1 Blood Price

Home > Science > 1 Blood Price > Page 17
1 Blood Price Page 17

by Tanya Huff


  Paper tucked under his arm—he’d have taken two, but a single weekend edition was bulky enough on its own—he continued into the small corner store for a bag of briquettes. He had only one left and he needed three for the ritual.

  Unfortunately, he was seventy-six cents short.

  “What!”

  “The charcoal is three dollars and fifty-nine cents plus twenty-five cents tax which is coming to three dollars and eighty-four cents. You have only three dollars and eight cents.”

  “Look, I’ll owe it to you.”

  The old woman shook her head. “Sorry, no credit.”

  Norman’s eyes narrowed. “I was born in this country. I’ve got rights.” He reached for the bag, but she swept it back behind the counter.

  “No credit,” she repeated a little more firmly.

  He was halfway around the counter after it, when the old woman picked up a broom and started toward him. Scooping up his money, he beat a hasty retreat.

  She probably knows kung fu or something. He shifted the paper under his arm and started back to his apartment. On the way past, he kicked the newspaper box again. The closest bank machine closed at six. He’d never make it.
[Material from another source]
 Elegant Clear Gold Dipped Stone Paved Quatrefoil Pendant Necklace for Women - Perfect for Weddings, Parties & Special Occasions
He’d have to head into the mall tomorrow to find an open one.

  This was all that old lady’s fault. After he worked out a suitable punishment for the demon and made sure that Coreen got hers, maybe he’d do something about the immigrant problem.
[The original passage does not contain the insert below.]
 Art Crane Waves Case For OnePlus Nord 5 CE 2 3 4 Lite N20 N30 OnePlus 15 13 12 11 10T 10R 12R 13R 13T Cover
  The throbbing grew louder still.

  “Look at this!”

  Scrubbing at her face with her hands, Vicki answered without looking up. “I’ve seen it. I brought them over, remember?”

  “Is the entire city out of its mind?”

  “The entire city is scared, Henry.” She put her glasses back on and sighed. Although she had no intention of telling him, she’d slept last night with the bedroom light on and still kept waking, heart in her throat, drenched with sweat, sure that something was climbing up the fire escape toward her window. “You’ve had since 1536 to come to terms with violent death. The rest of us haven’t been so lucky.”

  As if to make up for the lack of news over Good Friday, all three of the Saturday papers carried the seventh death as a front page story, emphasized that this body, too, had been drained of blood, and all three, the staid national paper finally jumping on the bandwagon, carried articles on vampires, columns on vampires, historical and scientific exploration of vampires—all the while claiming no such creature existed.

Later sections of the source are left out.